- Description of the task -
Only the lines from the start of the entries through the line with "Un mestolo che" should be returned, each exactly as it stands, and no pictures.

[Stored data entries]
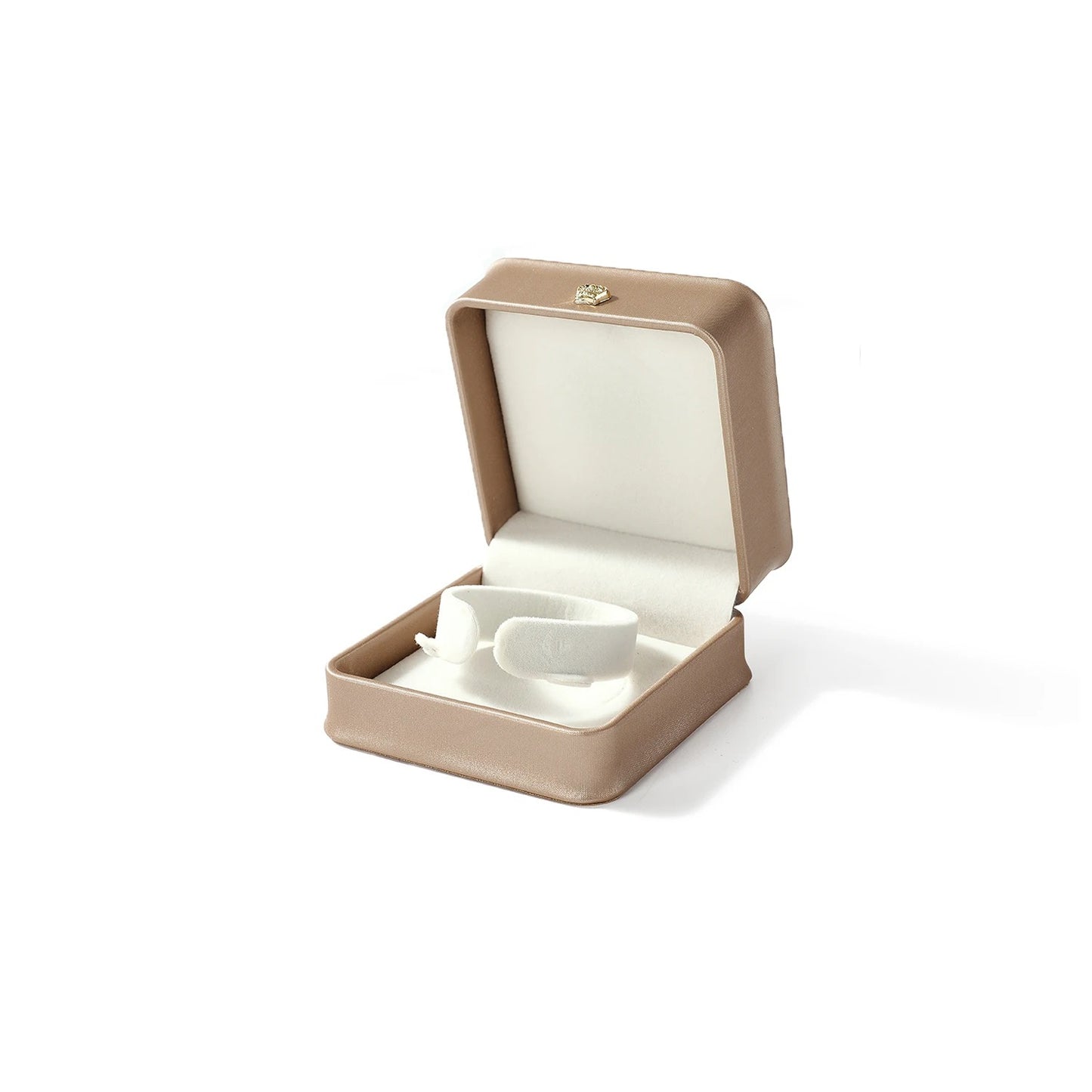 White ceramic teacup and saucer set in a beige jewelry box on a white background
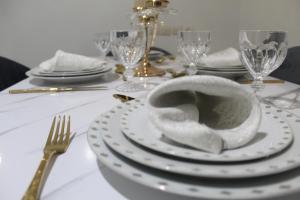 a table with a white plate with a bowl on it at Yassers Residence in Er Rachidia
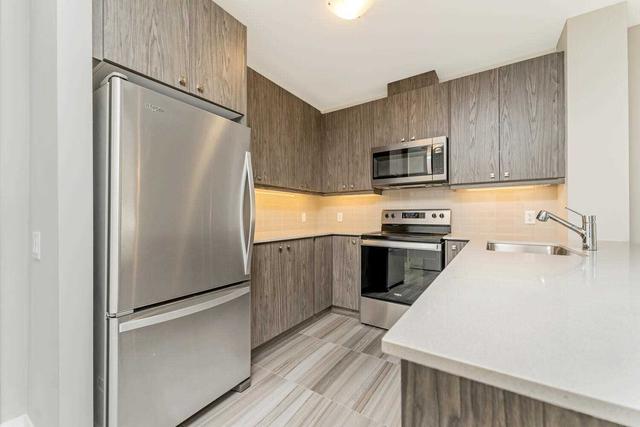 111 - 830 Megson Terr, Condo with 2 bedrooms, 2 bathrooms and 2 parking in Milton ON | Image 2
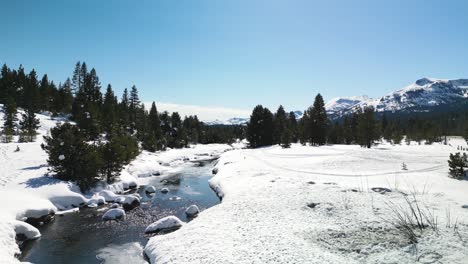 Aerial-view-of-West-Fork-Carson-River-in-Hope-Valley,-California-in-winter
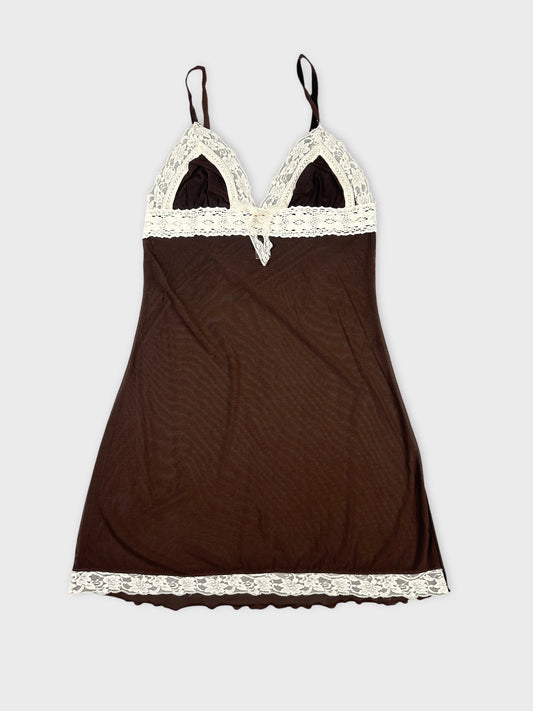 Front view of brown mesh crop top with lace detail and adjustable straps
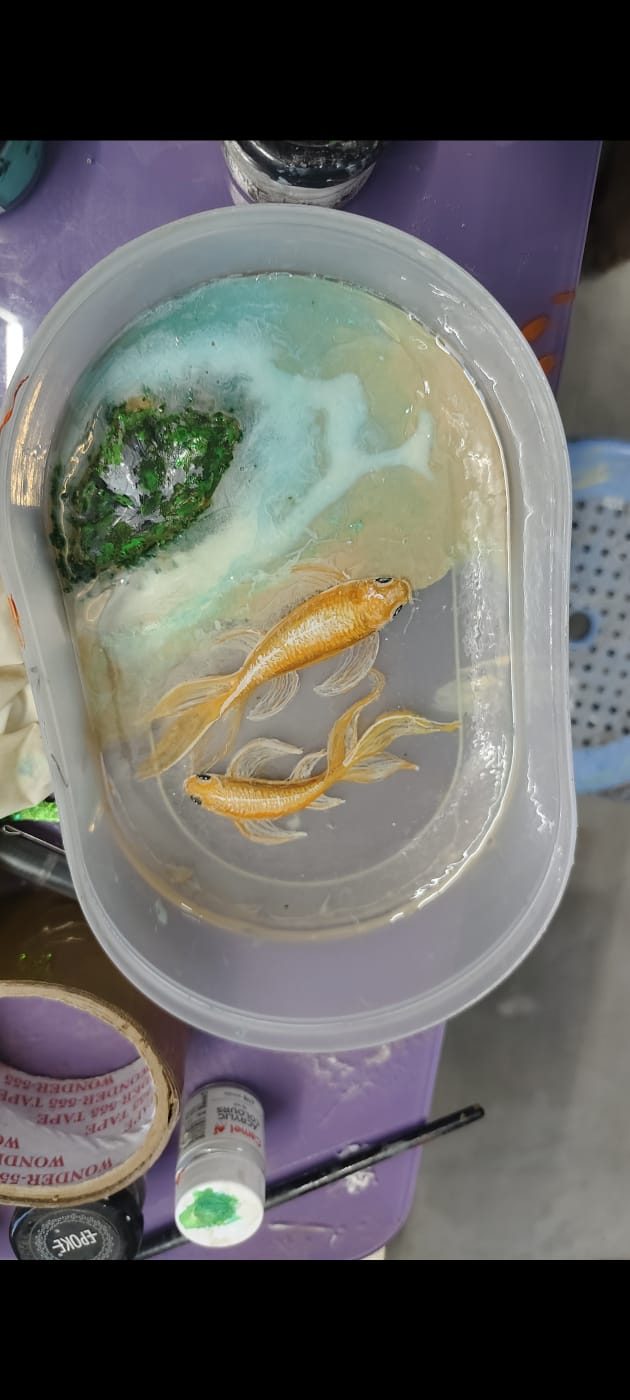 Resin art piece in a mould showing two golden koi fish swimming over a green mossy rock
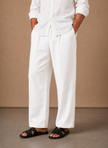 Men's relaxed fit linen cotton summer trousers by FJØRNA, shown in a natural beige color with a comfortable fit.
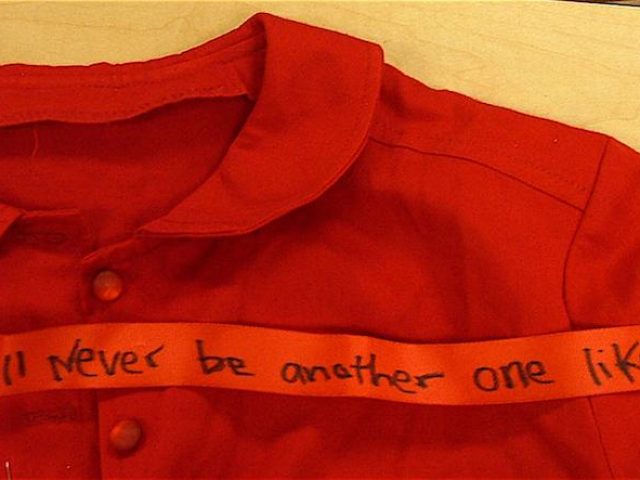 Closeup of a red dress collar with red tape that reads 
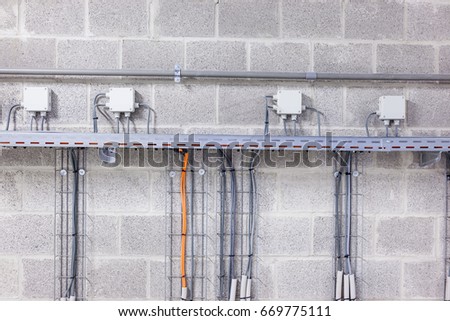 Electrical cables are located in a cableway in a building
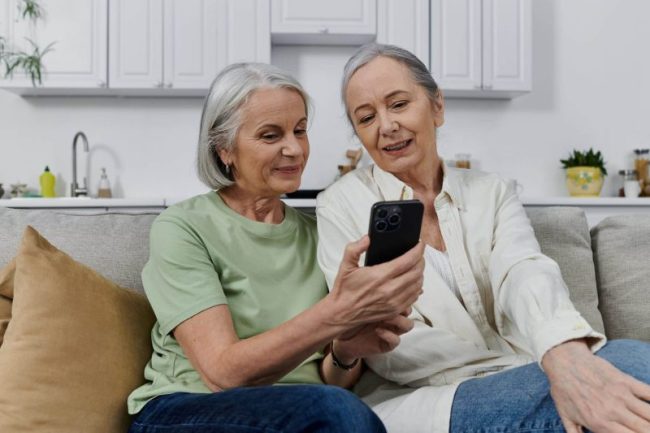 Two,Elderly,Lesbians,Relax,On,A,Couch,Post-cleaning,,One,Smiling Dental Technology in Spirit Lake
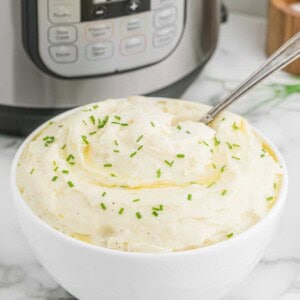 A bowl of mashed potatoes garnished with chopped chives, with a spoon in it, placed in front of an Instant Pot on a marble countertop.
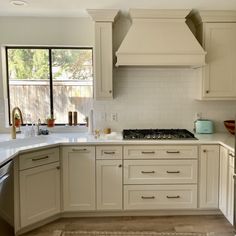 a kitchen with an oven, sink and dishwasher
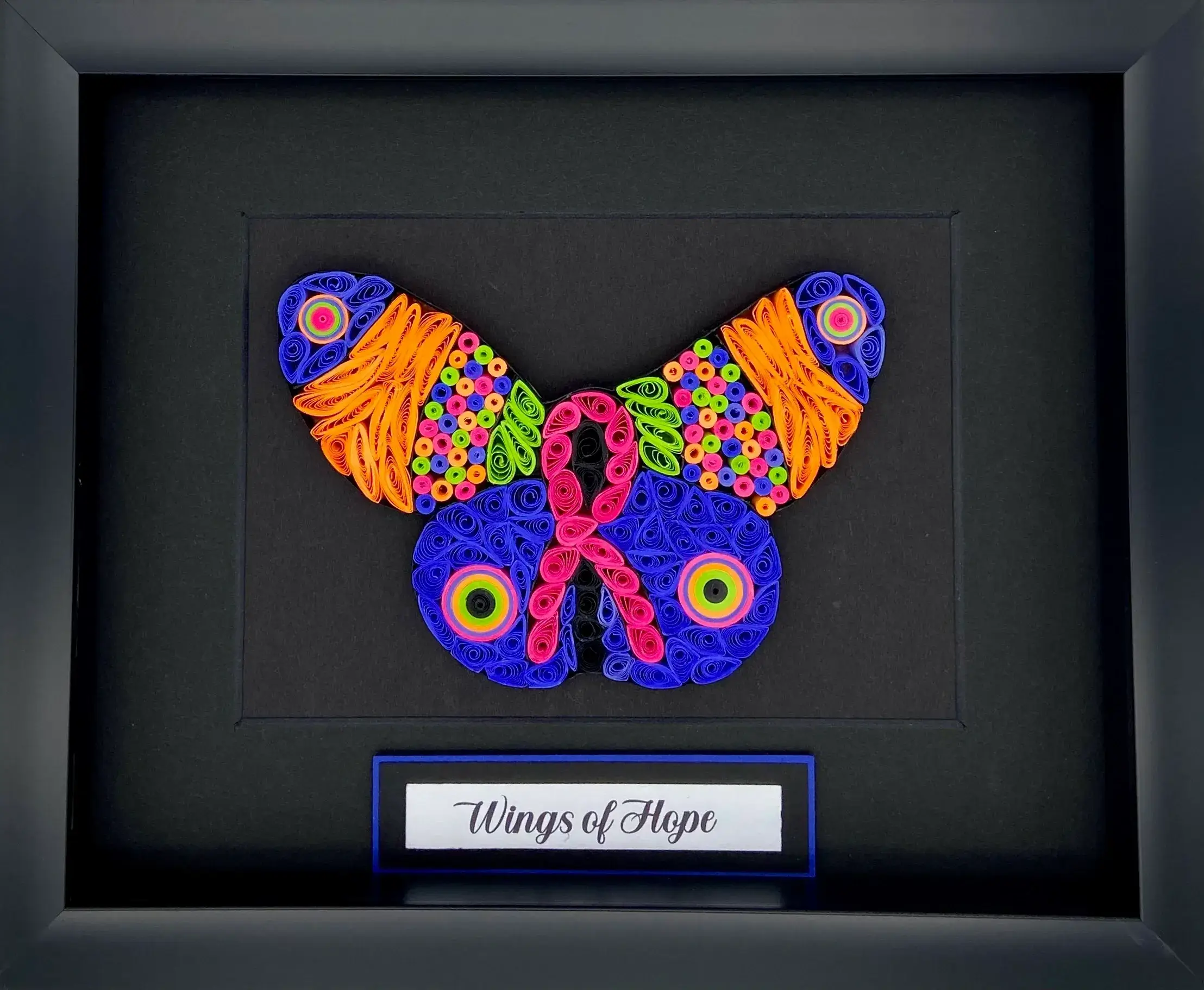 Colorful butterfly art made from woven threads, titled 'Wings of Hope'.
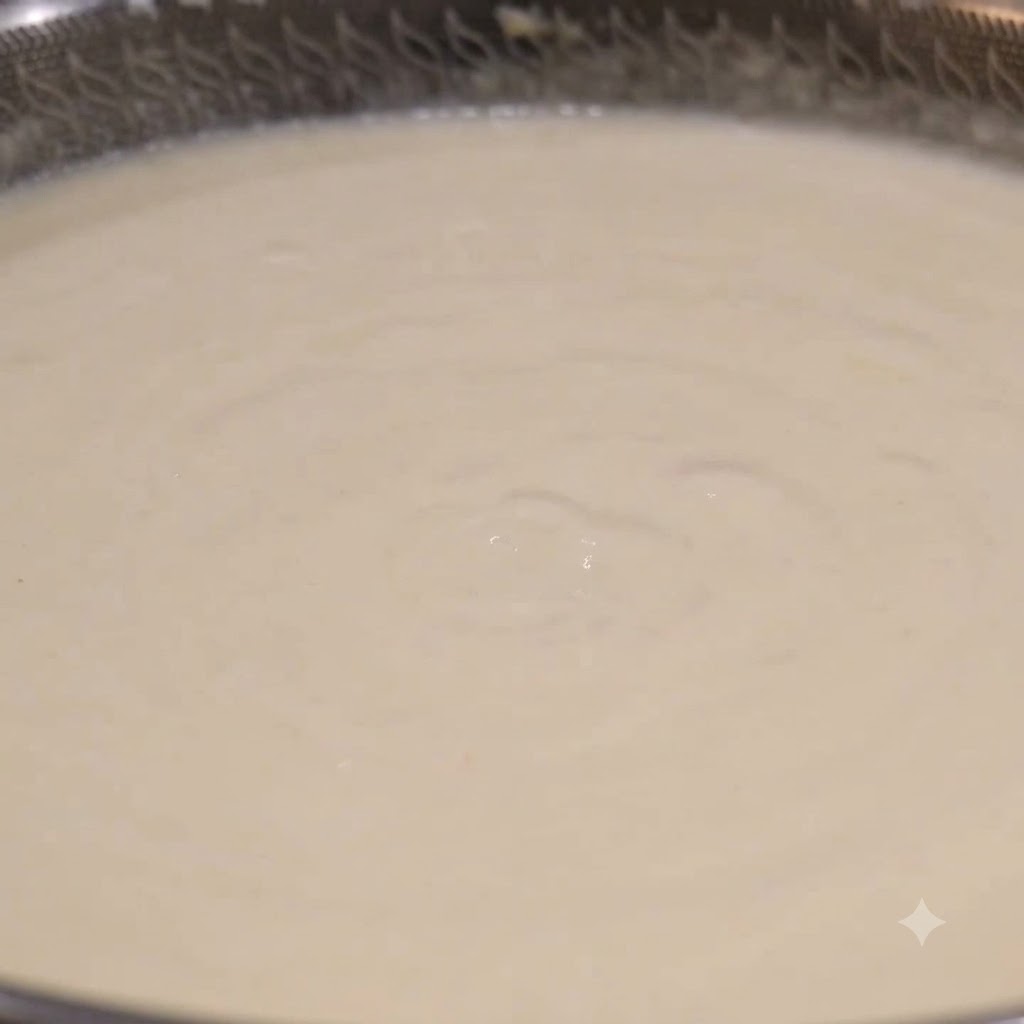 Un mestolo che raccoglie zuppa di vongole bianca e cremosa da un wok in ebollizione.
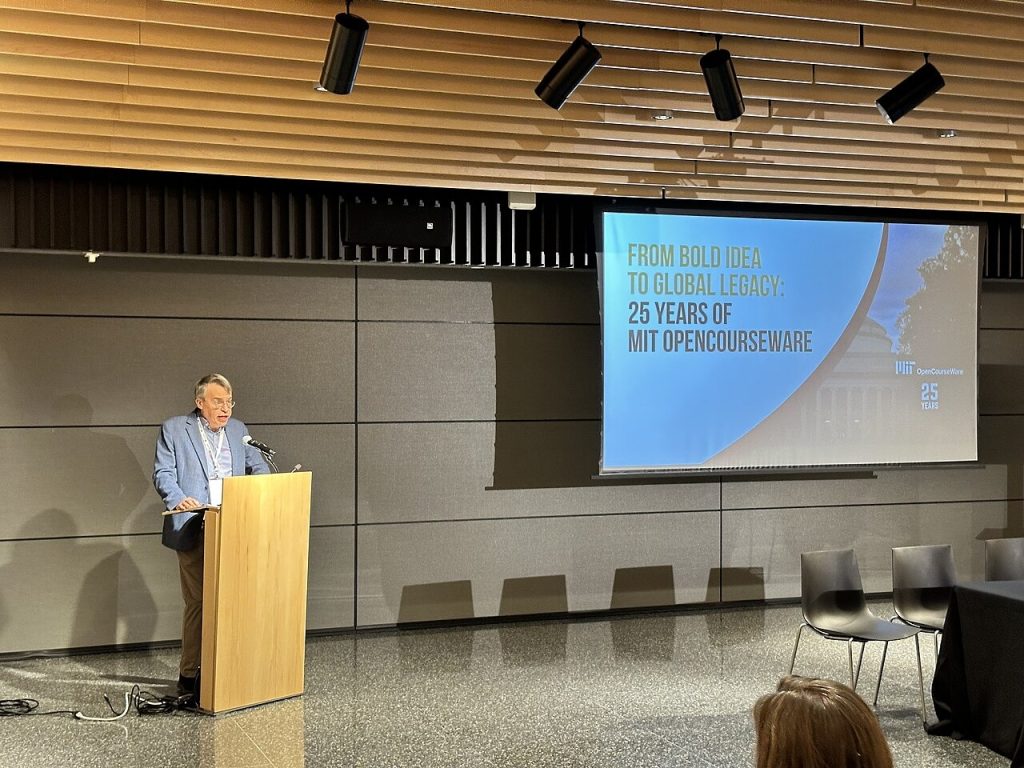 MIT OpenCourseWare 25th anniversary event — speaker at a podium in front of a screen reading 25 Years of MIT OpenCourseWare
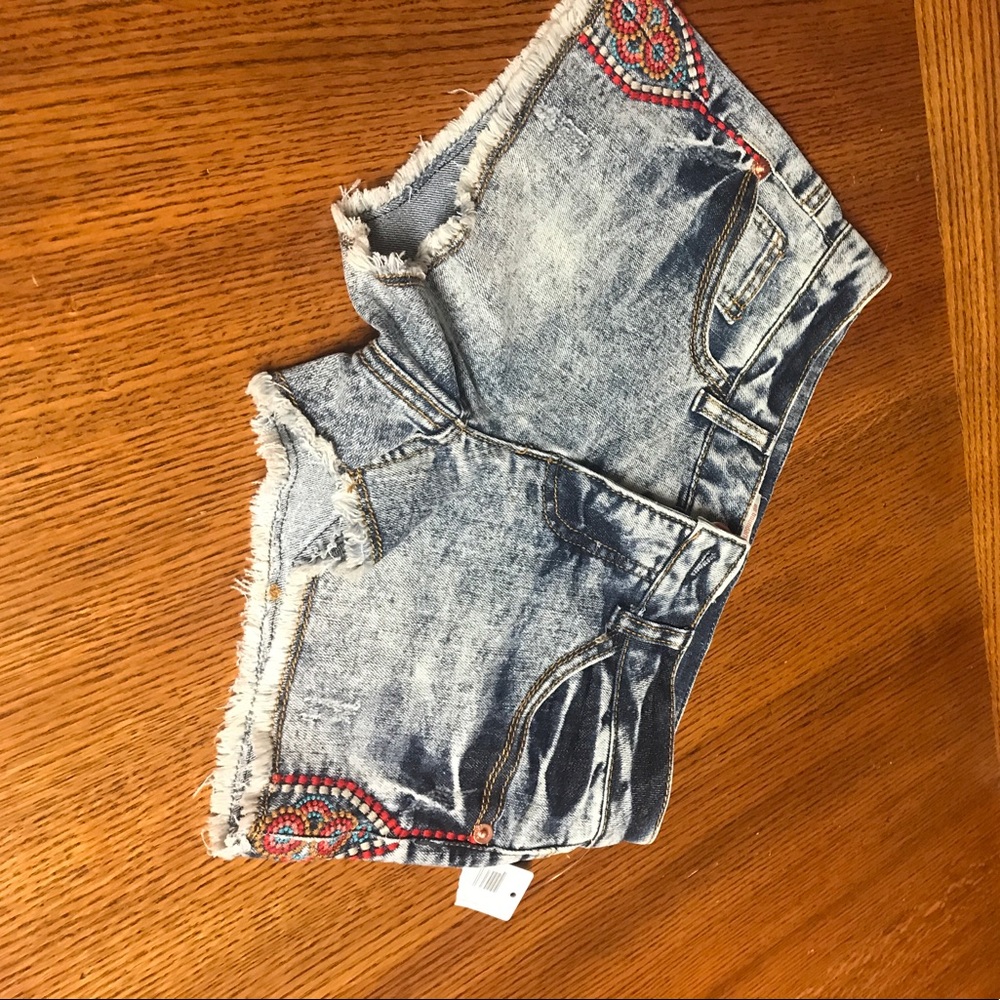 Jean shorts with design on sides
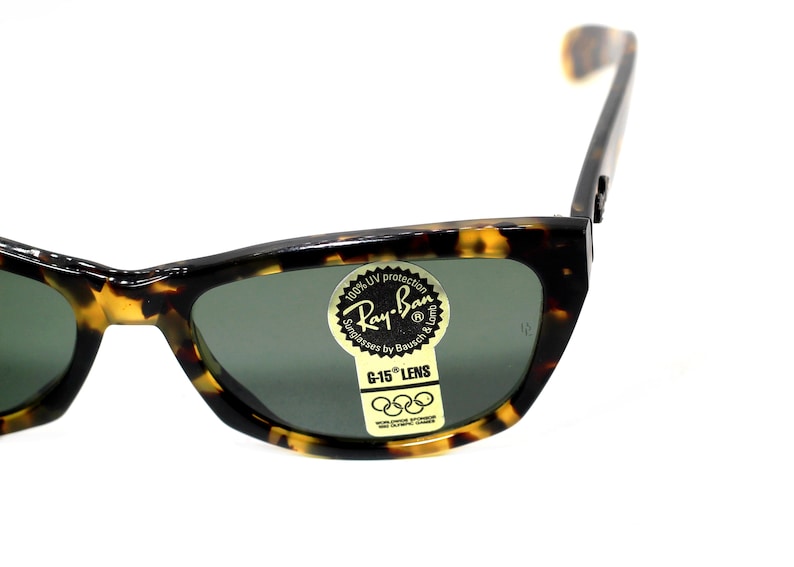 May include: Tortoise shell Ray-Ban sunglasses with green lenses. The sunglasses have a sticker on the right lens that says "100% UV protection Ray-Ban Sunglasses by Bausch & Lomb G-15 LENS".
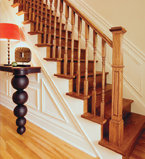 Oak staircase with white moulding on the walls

- Response to this exercise -
 White ceramic teacup and saucer set in a beige jewelry box on a white background
 a table with a white plate with a bowl on it at Yassers Residence in Er Rachidia
 111 - 830 Megson Terr, Condo with 2 bedrooms, 2 bathrooms and 2 parking in Milton ON | Image 2
 Aerial-view-of-West-Fork-Carson-River-in-Hope-Valley,-California-in-winter
 Front view of brown mesh crop top with lace detail and adjustable straps
 Resin art piece in a mould showing two golden koi fish swimming over a green mossy rock
 Men's relaxed fit linen cotton summer trousers by FJØRNA, shown in a natural beige color with a comfortable fit.
 Closeup of a red dress collar with red tape that reads 
 Electrical cables are located in a cableway in a building
 Two,Elderly,Lesbians,Relax,On,A,Couch,Post-cleaning,,One,Smiling Dental Technology in Spirit Lake
 A bowl of mashed potatoes garnished with chopped chives, with a spoon in it, placed in front of an Instant Pot on a marble countertop.
 a kitchen with an oven, sink and dishwasher
 Colorful butterfly art made from woven threads, titled 'Wings of Hope'.
 Un mestolo che raccoglie zuppa di vongole bianca e cremosa da un wok in ebollizione.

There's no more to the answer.